Published on September 9th, the study is the “final research report in a series of comprehensive guides on the UK and international residential markets.”
In France specifically, despite the national economy having suffered in the post-financial crisis period along with much of Europe, “it has been steadily recovering” with the economy “expected to grow by 1.2% this year.” The report adds that “Paris is expected to outperform with forecast GDP growth of 1.4% for 2015.”
The study examines the Parisian property market’s key characteristics. One of its notable findings is that “the Paris property market is dominated by renters with only 33% of residents being owner occupiers.” What’s more, although the market has been weak of late, compared with long-term trends “sales have picked up, increasing by 12% with around 28,600 sales” last year.
Paris real estate prices remain high, at 8017 euros per square meter on average. CBRE also observed a recent surge in overseas investors, noting that Paris is now attracting more foreign property buyers than it has in over 15 years.

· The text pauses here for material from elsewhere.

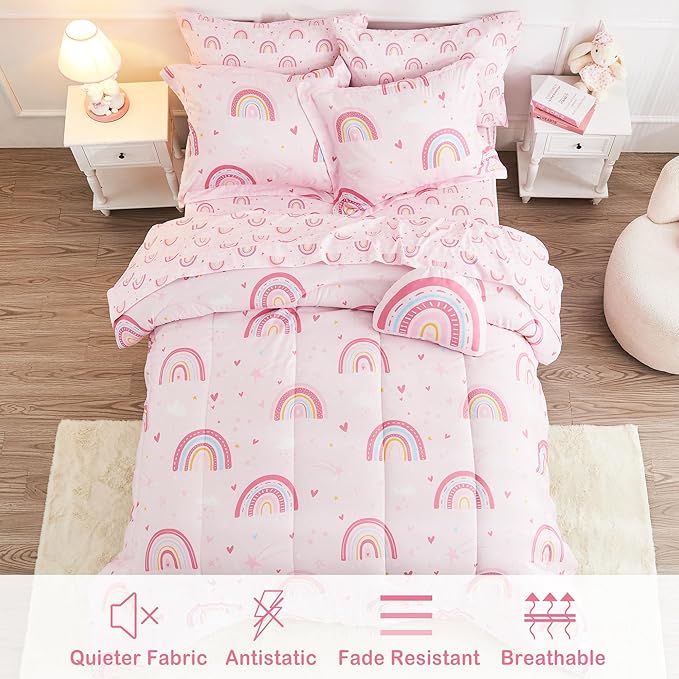 Microfiber Comforter Set - Full - 8 Piece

Regarding other cities surveyed, Hong-Kong continues its reign as having the most expensive residential real estate in the world. Property in the Southeast Asian metropolis averages 13,707 euros per square meter.
London comes in second with an average price per square meter of 9921 euros. The study reports that “following the financial crisis, the central London property market rebounded quickly, with residential prices increasing by 86% since the trough in 2009”. Prices have increased in the British capital’s suburbs, but not as drastically — 63% since 2009. According to CBRE, the price gap between central London and the periphery has narrowed.

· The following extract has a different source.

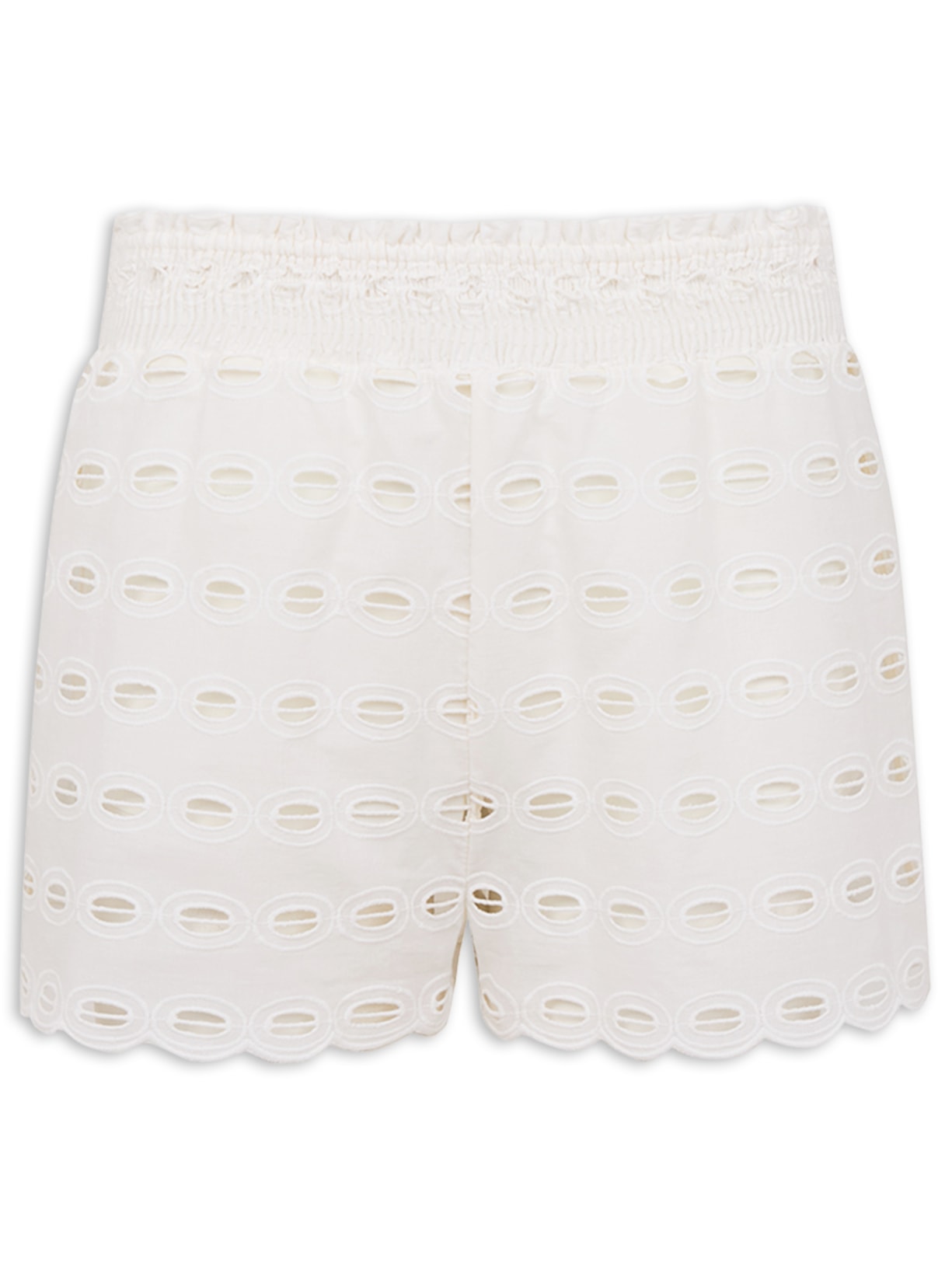 Short Feminino Babi - Branco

New York ranks third, with property costing 8162 euros per m2. CBRE notes that the New York “property market is more or less at its pre-crash strength and last year there were 135,000 transactions, which is broadly in line with its ten year average level”.

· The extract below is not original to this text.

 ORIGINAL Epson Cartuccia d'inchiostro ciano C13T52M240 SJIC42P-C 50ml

Singapore came in fifth place (with an average of 7830 euros per m2), followed by Tokyo (6757€/m2), Los Angeles (6500€/m2), Milan (5275€/m2), Rome (5071€/m2) and Edinburgh (4958€/m2).
Head of Residential Research at CBRE Jennet Siebrits comments: “Globalization has meant our property markets are more integrated than ever before … but our major cities haven’t lost what makes them distinctive and special.”